§ ENTRIES PROVIDED:
#####

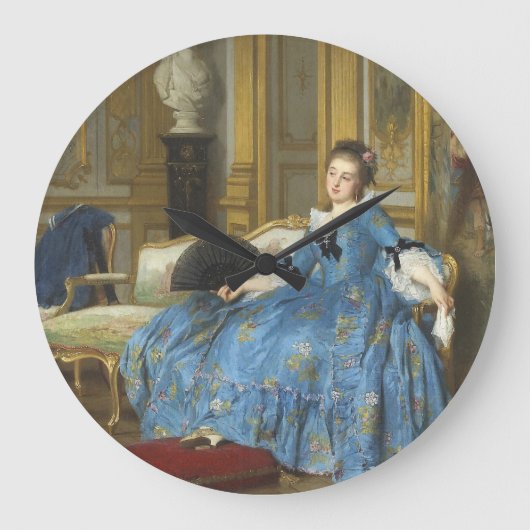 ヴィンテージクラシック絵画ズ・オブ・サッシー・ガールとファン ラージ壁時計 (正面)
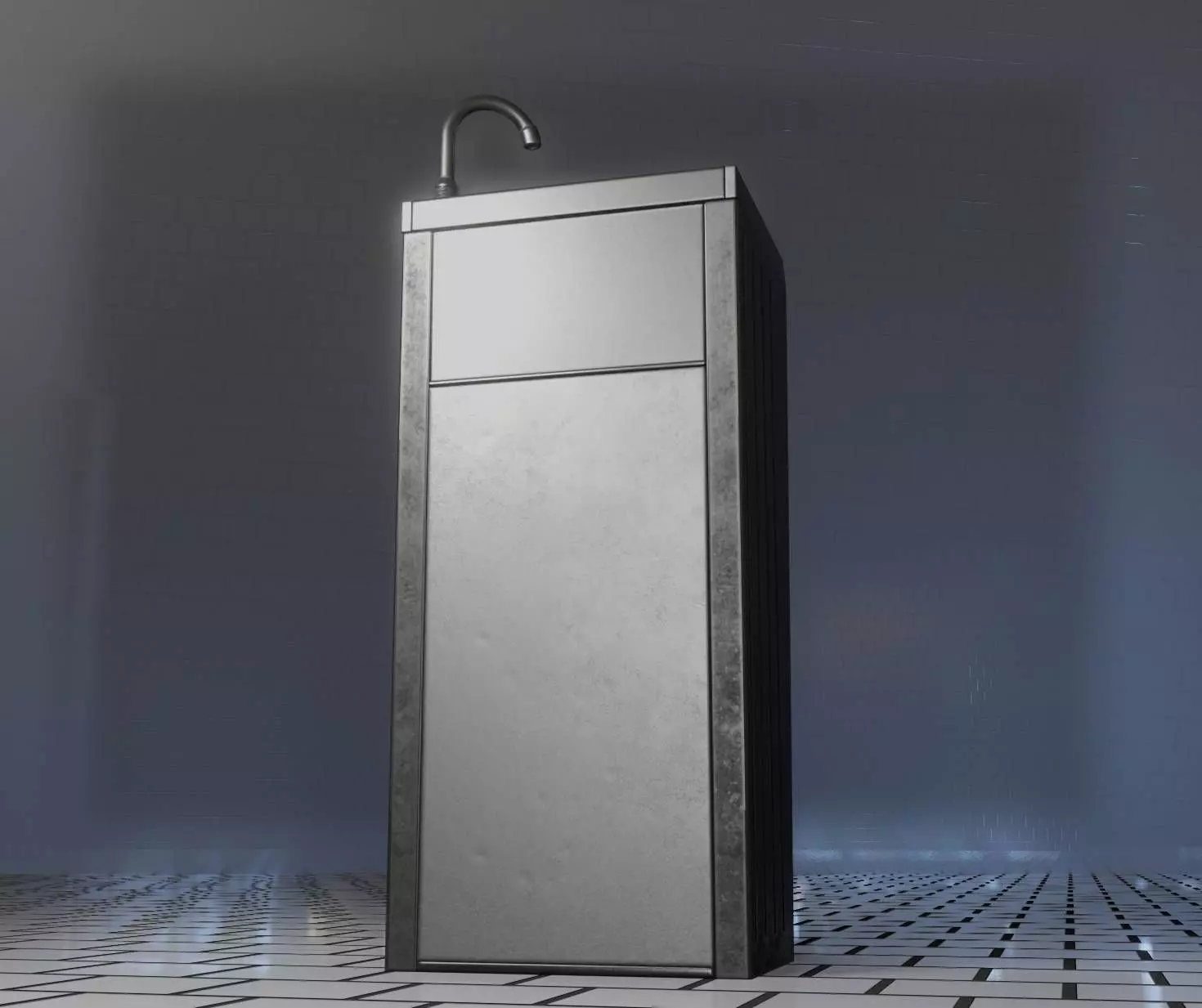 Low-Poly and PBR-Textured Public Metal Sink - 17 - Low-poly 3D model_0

#####

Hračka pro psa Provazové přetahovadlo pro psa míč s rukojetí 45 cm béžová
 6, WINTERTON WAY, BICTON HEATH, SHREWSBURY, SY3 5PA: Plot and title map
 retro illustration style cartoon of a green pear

#####

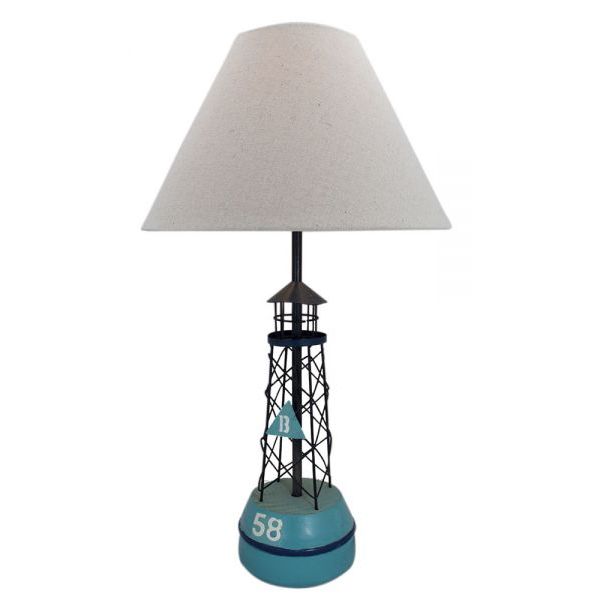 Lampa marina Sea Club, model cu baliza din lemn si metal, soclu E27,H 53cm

#####

§ ACTION ITEM:
Using the entries above, write out exactly the lines from the one with "ヴィンテージクラシック絵画ズ・オブ・サッシー・ガールとファン ラージ壁時計 (正面)" through the one with "Low-Poly and PBR-Textured", ends included. Leave out any pictures.

§ RESULT OF THIS TASK:
 ヴィンテージクラシック絵画ズ・オブ・サッシー・ガールとファン ラージ壁時計 (正面)
 Low-Poly and PBR-Textured Public Metal Sink - 17 - Low-poly 3D model_0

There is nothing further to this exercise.